After trading below 10,600 intraday, the Dow closed down 391 points, or 3.5%, to 10,734 while the S&P lost 3.2%. Stocks are now on track for their worst week since October 2008, Dow Jones reports. Meanwhile, gold shed 4%, silver plummeted 11%, copper tumbled 9% and oil fell 6.7% Thursday as traders unwound "risk on" positions funded with "cheap" dollars, which rose 1% vs. the euro.
"Only two positions are working in this market: cash and fetal," writes senior portfolio manager Mark Dow of Pharo Management.
With Americans facing severe pressure from joblessness, falling home prices and stagnant incomes, it's unlikely this latest market tumult will do much damage to already fragile consumers. Still, it's yet another brick in the wall of cynicism and skepticism that's been built around the recovery generally, and the stock market specifically.
Depending on your perspective, the day's action could be attributable to a variety of factors, including:
Disappointment in Bernanke: "Today's market reaction is like a child throwing a tantrum after not getting what it wanted from daddy," gold trader Hal Paxton quipped via Twitter.
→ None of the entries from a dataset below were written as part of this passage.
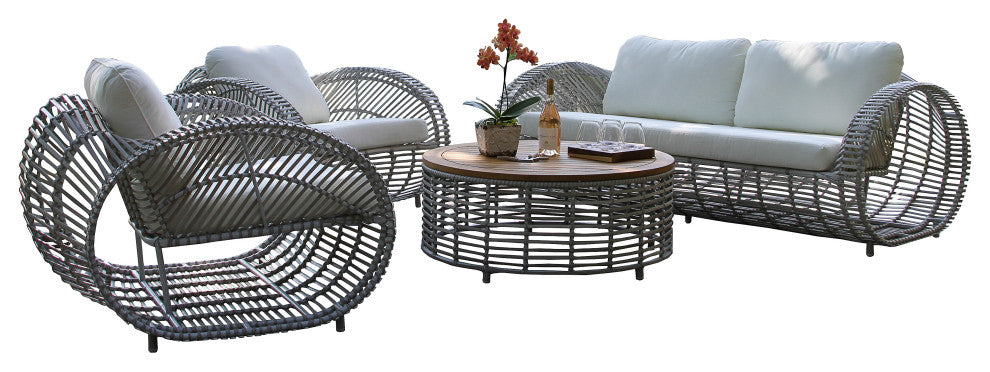4-Piece Grey Lava Conversation Set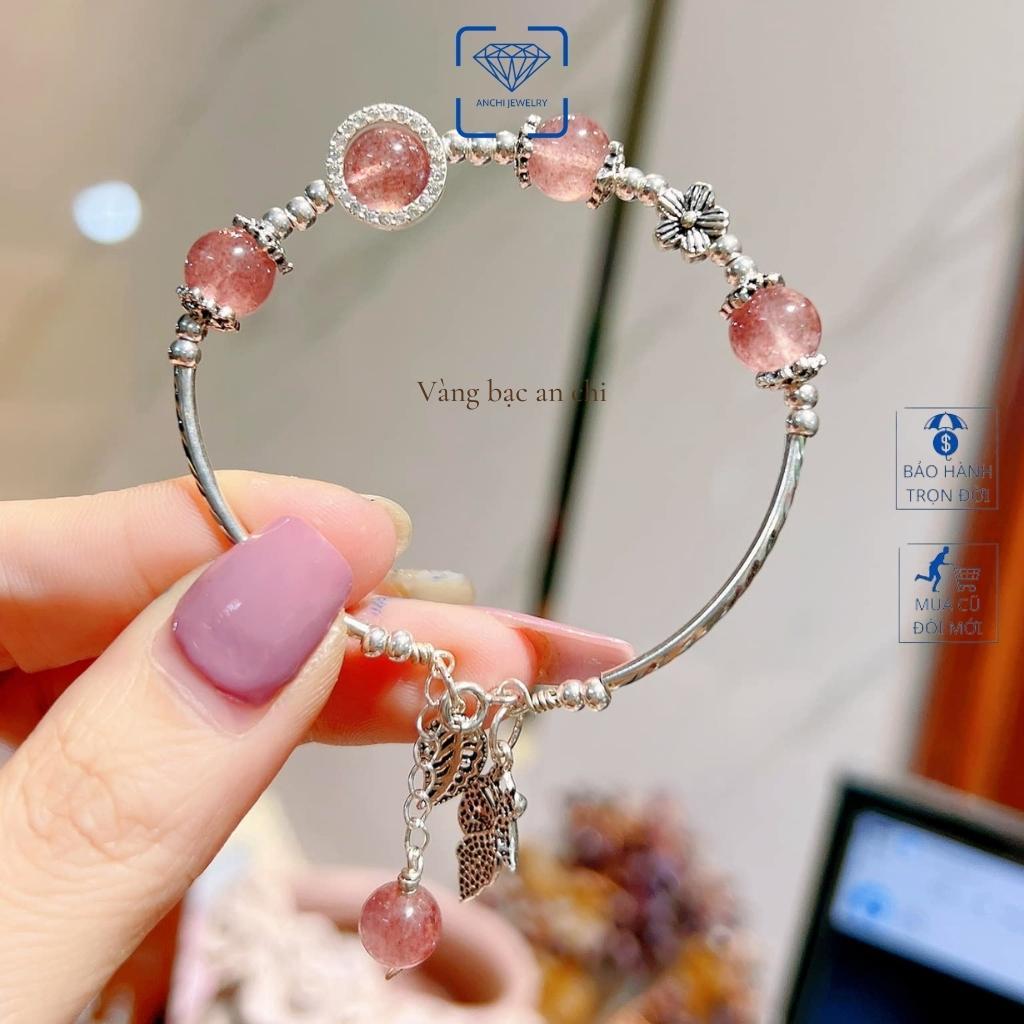 Vòng tay dây charm bạc mix đá mặt trăng moonstone phong thủy, trang sức Anchi jewelry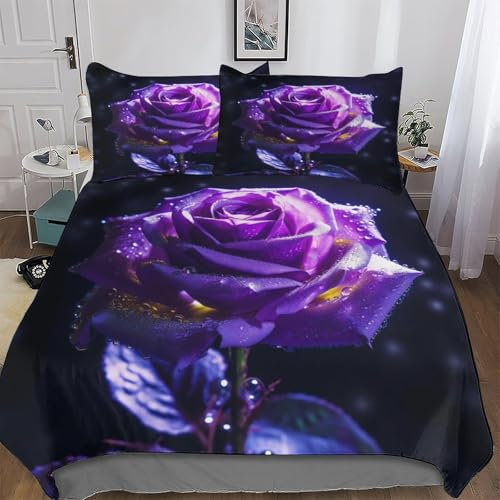 GGJJTT Rose Housse De Couette De Couette en Douce Microfibre pour Enfants Et Adolescents Microfibre Parure De Lit King220x240cm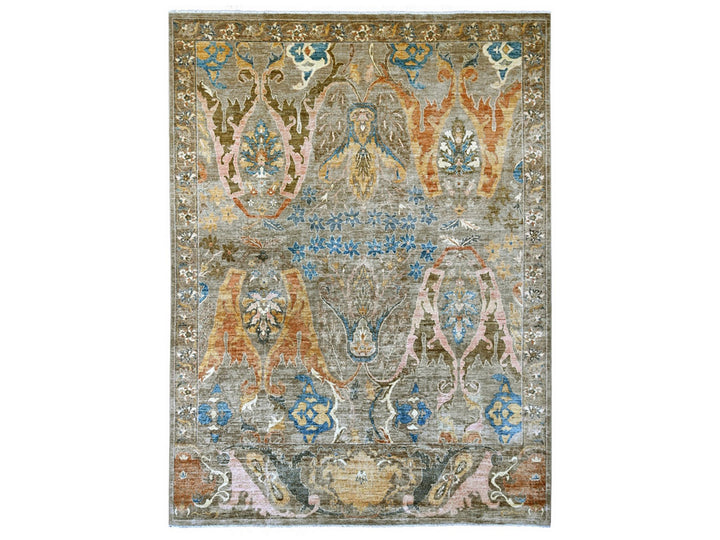 8'10" x 11'10" New Hand Knotted Brown Wool Rectangle Oriental Rug - MOA10221115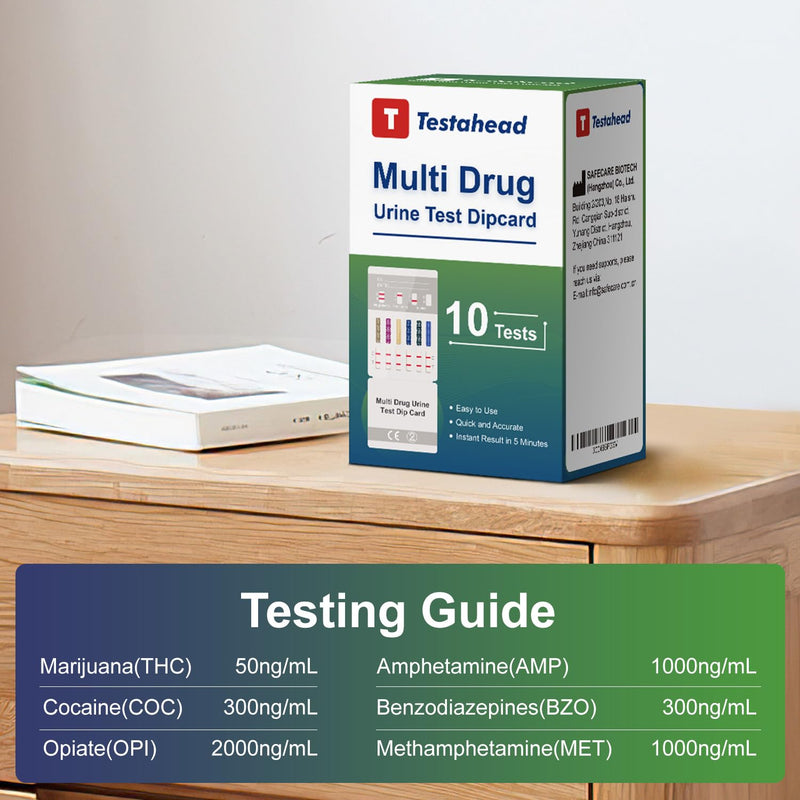 T TESTAHEAD Drug Test Kit 10 Pack, Home Drug Tests, 6 Panel Drug Test Urine, Tests for Marijuana (THC),COC,OPI 2000,AMP,BZO,MET 6 Panel-10 Pack - BeesActive Australia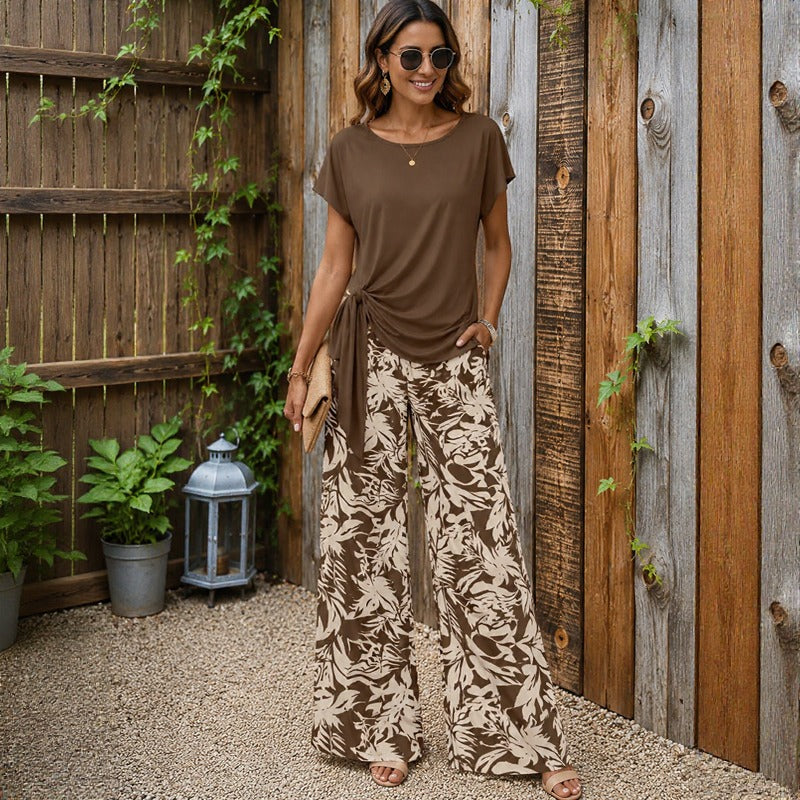 Calandra™ Side-Draped Top Set With Elegant Wide-Leg Pants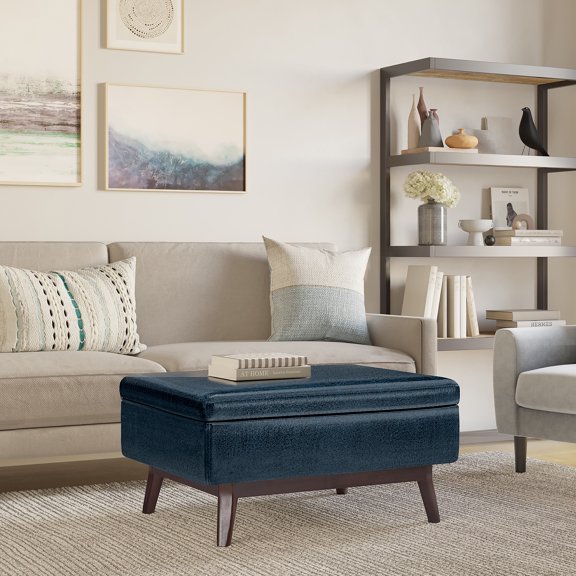 Simpli Home Owen Faux Leather Coffee Table with Storage in Distressed Dark Blue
The Fed's plan to spend $400 billion on 'Operation Twist' and a separate pledge to being buying mortgage-backed securities apparently left some traders wanting more — of what I have no idea. (See: Fed Action Fails To Boost Animal Spirits: "Marginally Helpful," Says Former Fed Governor)
Risks of a Global Recession: Weak purchasing managing index reports out of China and Europe, along with another disappointing U.S. jobless claims report, reinforced concerns about the global economy. "A recession is at this point unavoidable," writes NYU Professor Nouriel Roubini. "Only issue now: Will it be a mild G7 recession or a severe recession plus global financial crisis as bad or even worse than the 2008-09 one?"
Frustration with D.C. Gridlock: After the House voted down a temporary spending bill Wednesday, the U.S. government is at risk of a shutdown if Congress can't agree to a new six-week "continuing resolution" before the new fiscal year begins on Oct. 1. Considering the vote got snagged over essentially how to pay for $3.3 billion of funding for FEMA, it's worth asking if our elected officials haven't entirely gone entirely insane. (See: Totally Absurd: Government May Shutdown Over Funding For FEMA)
Worries about Europe: "The rapidly burning fuse is in the European banking system, particularly in France, and Europe is getting very close to yet another tipping point," PIMCO's Mohamed El-Erian wrote in The Financial Times, which separately reported executives of BNP Paribas plan to tour the Middle East in an effort to raise capital this week.
In the accompanying video, I discuss these and related issues with my Breakout colleague Matt Nesto, who seems to think the buck stops with Bernanke. "You have to say it was the Fed; that was the catalyst for the selling," Nesto says. "People were disappointed, right or wrong. "
My view is that Europe is the bigger issue. Yes, U.S. stocks fell sharply Wednesday following the Fed announcement but the selling accelerated in Europe amid new and renewed fears about the banking system. Once again recalling the dark days of 2008, U.S. financials like Morgan Stanley fell sharply amid concerns about systemic risk and contagion, while the price of default insurance on German and French sovereign debt hit record levels overnight, Bloomberg reports. (See: 2008 Redo? History Doesn't Repeat, But It Often Rhymes)
Notably, the market's only (feeble) rally attempt Thursday afternoon came after an FT report about European officials looking to "speed up plans to (sic) recapitalise the 16 banks that came close to failing last summer's pan-EU stress tests as part of a coordinated effort to reassure the markets about the strength of the 27-nation bloc's banking sector."
That said, there's never any "one" thing that moves the market, or even a rationale needed to explain the moves which, let's recall, follow last week's stirring rally...now a distant memory.